Мы шли среди ровно подстриженных лип центральной аллеи, ведущей к павильону Эрмитаж (граф называл его французским), где на невысоких постаментах красовались статуи древнегреческих богов. Петр Борисович гордо сообщил мне, что всего скульптур в парке более шести десятков.
Удивительной красоты павильон оказался совсем небольшим. К прямоугольному центральному зданию примыкали округлые выступы, образуя подобие цветка с четырьмя лепестками. Эрмитаж был предназначен только для избранных гостей хозяина, желавших уединиться во время балов и приемов, которые устраивал Шереметьев.
Граф провел меня внутрь. В одной из округлых частей павильона была кабина с диваном, присев на который, мы стали медленно подниматься на второй этаж (первый предназначался исключительно для прислуги). Каково было мое удивление: я не увидела ни слуг, ни механизма, при помощи которого это производилось, – вот уж воистину диковинка. Граф показал мне также, как изящное устройство бережно поднимает наверх накрытый для гостей стол. Мне подали кофий, а графу чай. Удобно расположившись, я с удовольствием отведала ароматного напитка. Потом граф провел меня в кабинет. Он указал на свой эскизный портрет, висевший над столом.
– Этот портрет писала Анечка, когда ей было пятнадцать. Страшная кончина помешала моей дочери его завершить… Вот так и оставил, не хотел, чтобы чья-то рука портила священный труд моей Анечки.
Я вышла из кабинета, оставив графа наедине с его тоской. Сколько лет прошло, а он так и не смирился с ее кончиной!
Я осмотрелась.

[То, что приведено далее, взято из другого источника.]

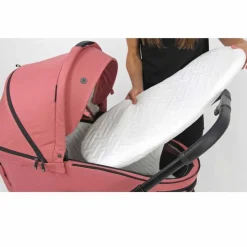 Duo Muuvo Quick 3.0 Pure Pink*PEQUEMIMOS Hot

Если бы кто-то захотел подслушать ведущиеся разговоры, ему бы это не удалось: здесь попросту не было дверей, и попасть сюда можно было лишь одним способом, так же, как и спуститься. Всё располагало к приватной беседе: толстые ковры, покрывающие пол, уютные глубокие диваны и кресла. Ниши в стенах в форме арок дополняли оконно-дверные проемы, ведущие на французские балконы с четырех сторон павильона. Я не успела всё осмотреть, как вышел граф, и мы спустились вниз.
Медленно шагая по аллеям, граф показывал мне самые значимые постройки усадьбы, обойти которые за одну прогулку было при всём желании невозможно. Парковый ансамбль, как я поняла позднее, очень напоминал Версаль. Я постараюсь пересказать всё, что запомнила.

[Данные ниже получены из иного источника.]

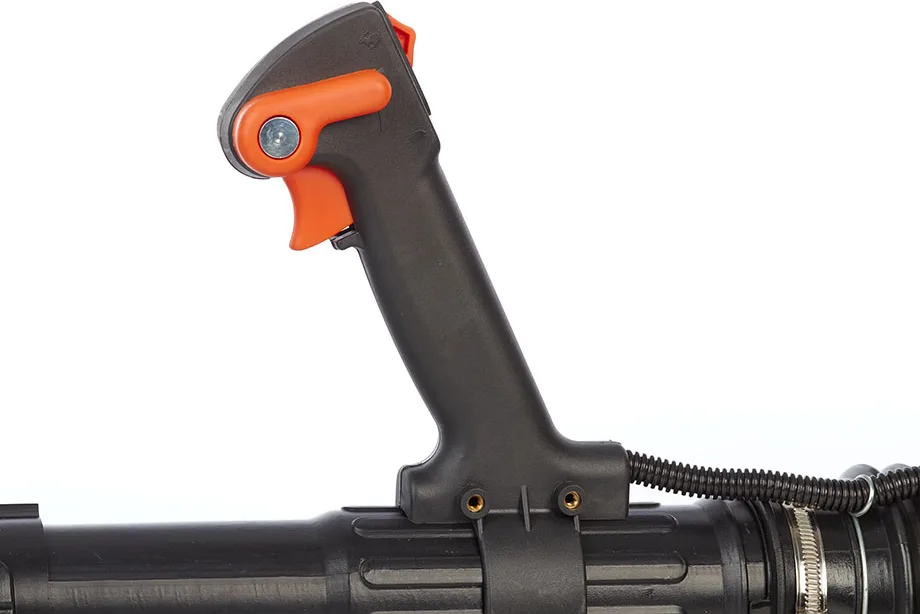 Soplador Mochila Gasolina Anova Sg33c — foto 4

Сам дворец был построен не так давно. Большой дом, как называл его Петр Борисович, поражал не столько размерами, сколько изысканностью и великолепием. В усадебном парке всё было продумано для пышных приемов и увеселений.
Справа от дворца был устроен подъемный мост. По прямоугольному Большому пруду в дни приемов плавала целая флотилия. Небольшая галера была вооружена шестью пушками – трофеями Полтавской битвы, подаренными Петром I отцу старого графа Шереметьева. Граф рассказал мне, что однажды, когда сюда прибыла императрица в сопровождении иностранных гостей, был устроен фейерверк. В честь матушки-царицы было сделано несколько тысяч потешных залпов. Все поражались, как это можно: истратить дюжину пудов пороху ради минутной забавы.
Голландский домик стоял на берегу Малого пруда, в котором водились карпы, и они приплывали кормиться на звон колокольчика. Уютные лавочки ждали стремящихся посидеть, полюбоваться прекрасным видом и помечтать о сокровенном. Местному дворянству было позволено приходить в усадьбу в определенные дни, и это заметно отличало московскую знать, стремящуюся к общению и открытости, от петербуржской, чванливой и чопорной.
Итальянский домик был похож на маленькую сокровищницу: там хранились диковинные вещи и произведения искусства, которые Петр Борисович коллекционировал; допущены туда были только избранные. Я входила в их число, и граф показал мне картины Рафаэля, Рембрандта, Корреджо и других известных европейских художников.
Напротив Менажереи, в итальянском парке, расположились удивительные домики для водоплавающих птиц. Там жили лебеди, гуси и утки необычных пород, журавли и пеликаны. Мне дали зерна, и я покормила их с руки – это было мило и забавно.
А еще украшенный диковинными раковинами каменный грот с необыкновенной прохладой внутри… За прудом зверинец, псарня, английский парк – обойти всё сразу было просто невозможно.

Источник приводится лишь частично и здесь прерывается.